Importantly, the UAE Labour Law specifies how certain extended unpaid maternity-related leave periods are treated when calculating end-of-service gratuity.
Some specific unpaid extensions are excluded from service duration.
If maternity-related unpaid leave is incorrectly categorized as generic unpaid leave within HR or payroll systems, organisations risk miscalculating employee service periods and end-of-service gratuity payouts.
Such miscalculations can lead to employee disputes, regulatory exposure, and loss of trust.
Where Payroll and HR Compliance Risks Emerge
In many organisations, operational risk emerges when leave management systems are not aligned or connected with payroll workflows.
Common gaps include:
- Leave approvals not mapped to payroll logic
- Unpaid leave categories not differentiated by reason
- Manual spreadsheets used for extended leave tracking
- Payroll adjustments processed without HR documentation linkage
- Service duration calculated using hire and exit dates only
Most of these issues are not intentional non-compliance.
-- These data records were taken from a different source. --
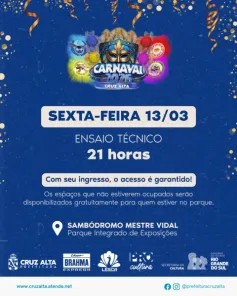 CARNAVAL DE CRUZ ALTA> Hoje os ensaios técnicos no sambódromo Mestre Vidal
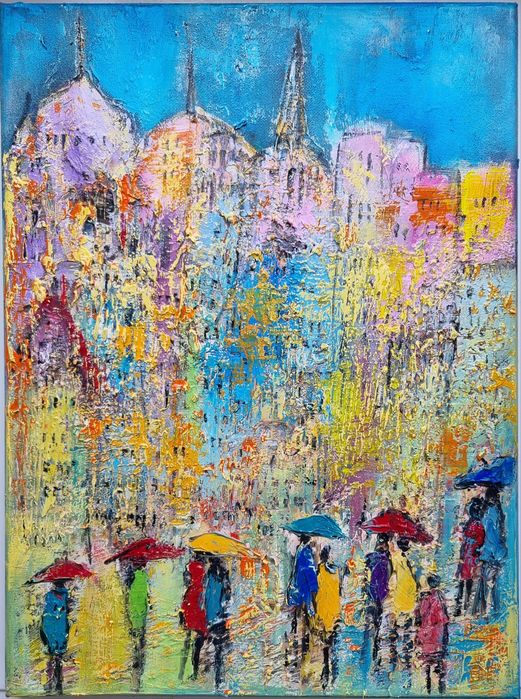 MIASTO obraz olejny 30x40 faktura farby RÓŻNE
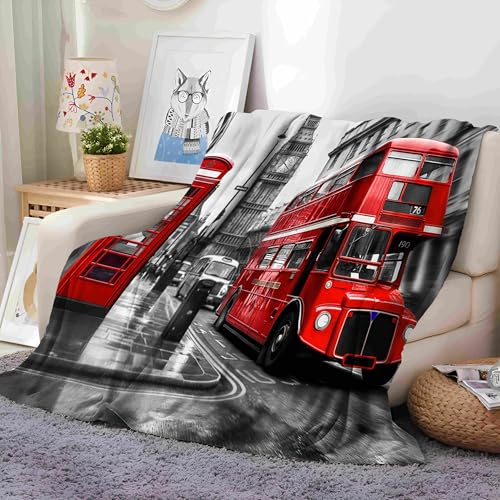 Stadt London Doppeldeckerbus Rot Flanelldecke Kuscheldecke Grau 70x100 cm Super Soft Weich Wohndecke Warm Flauschig Decke Sofadecke oder Tagesdecke, Wohndecke für Erwachsene und Kinder Geschenk von Generic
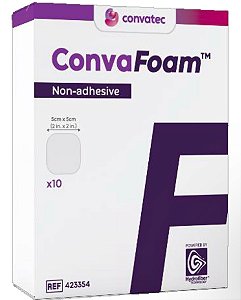 Curativo Convafoam Espuma 10cm X 10cm Não Adesivo Caixa c/10 Unidades Convatec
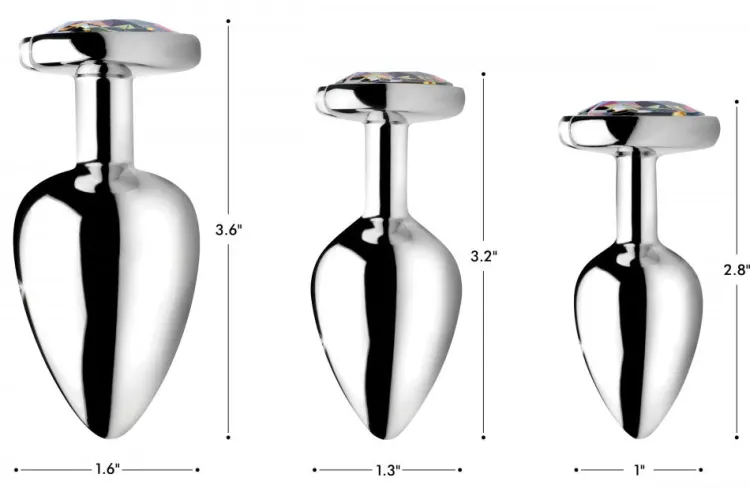 Booty Sparks Jewel Butt Plugs | Anal Starter Toys>Rainbow Prism Heart Anal Plug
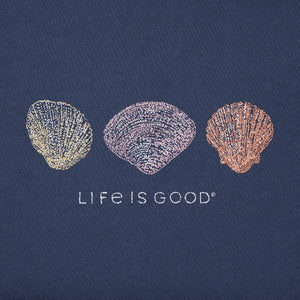 Life is Good. Women's Luminescent Shells SS Crusher-Lite Vee, Darkest Blue
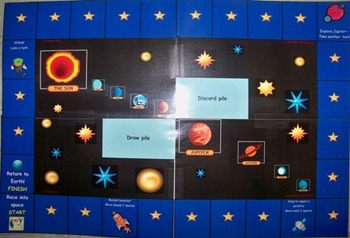 Preview of Reading skill practice with space themed game board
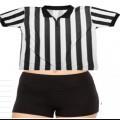 Womens black and white zippered referee uniform with collar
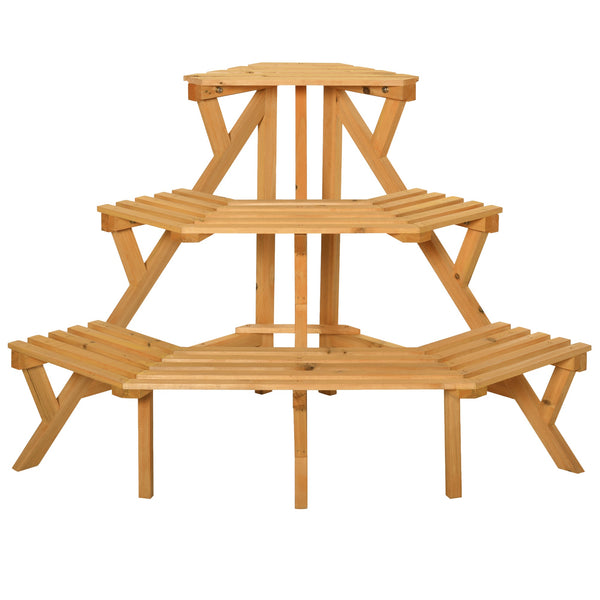 3-Tier Wooden Raised Plant Stand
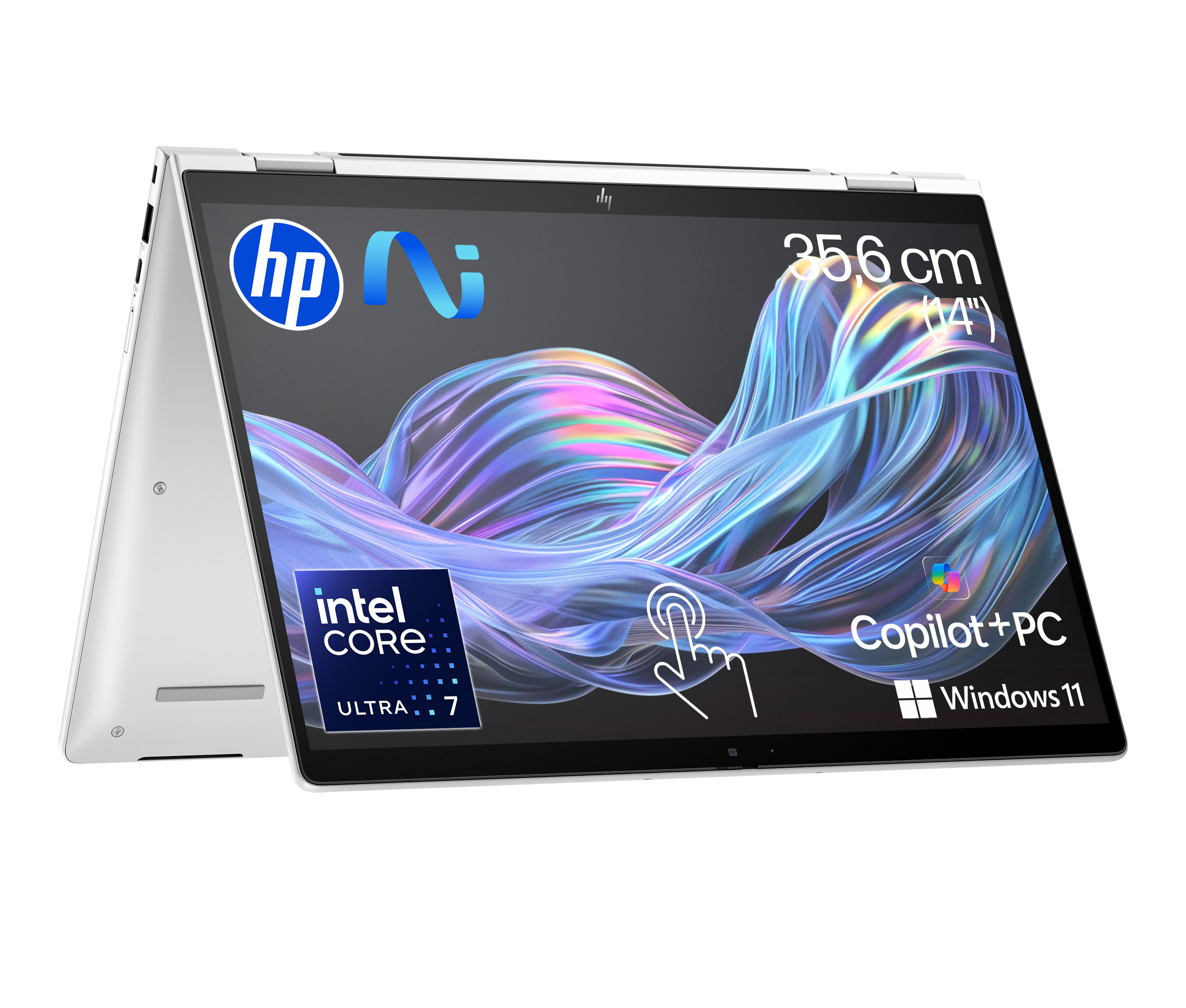 HP EliteBook X Flip G1i KI Laptop Intel Core Ultra 7 258V Hybrid (2-in-1) 35,6 cm (14) Touchscreen WUXGA 32 GB LPDDR5x-SDRAM 1 TB SSD Windows 11 Pro Copilot+ PC Silber (B69BLET#ABD)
They are workflow design gaps caused by outdated systems or fragmented HR processes.
Why This Matters Beyond Compliance
Incorrect leave and gratuity management creates several risks for organisations operating in the UAE.
These include financial exposure during employee termination, retroactive payroll adjustments, audit complications, employee disputes, and reputational risk.
In a competitive labour market such as the GCC, operational credibility and transparency are critical.
Employees expect clarity and fairness in sensitive matters like maternity leave, sick leave, and final settlement calculations.
What High-Performing HR Teams Do Differently
Organisations with mature and efficient HR governance and payroll systems in the UAE typically:
- Define leave categories with legal precision
- Map leave types directly to payroll rules
- Maintain documentation trails linked to payroll actions
- Review service duration calculations annually
- Conduct exit settlement audits before processing gratuity payments
Leave compliance is not only about policy documentation — it is about aligning HR systems, payroll automation, and regulatory compliance.
Final Thought
The UAE Labour Law framework provides a clear structure. The risk lies not in the law itself but in how organisations operationalise it through their HR and payroll processes.
If leave records are incomplete or inconsistently categorized, UAE gratuity calculations become vulnerable to errors.
A simple internal review of how leave management workflows connect to payroll processing and end-of-service calculations can prevent significant compliance challenges later.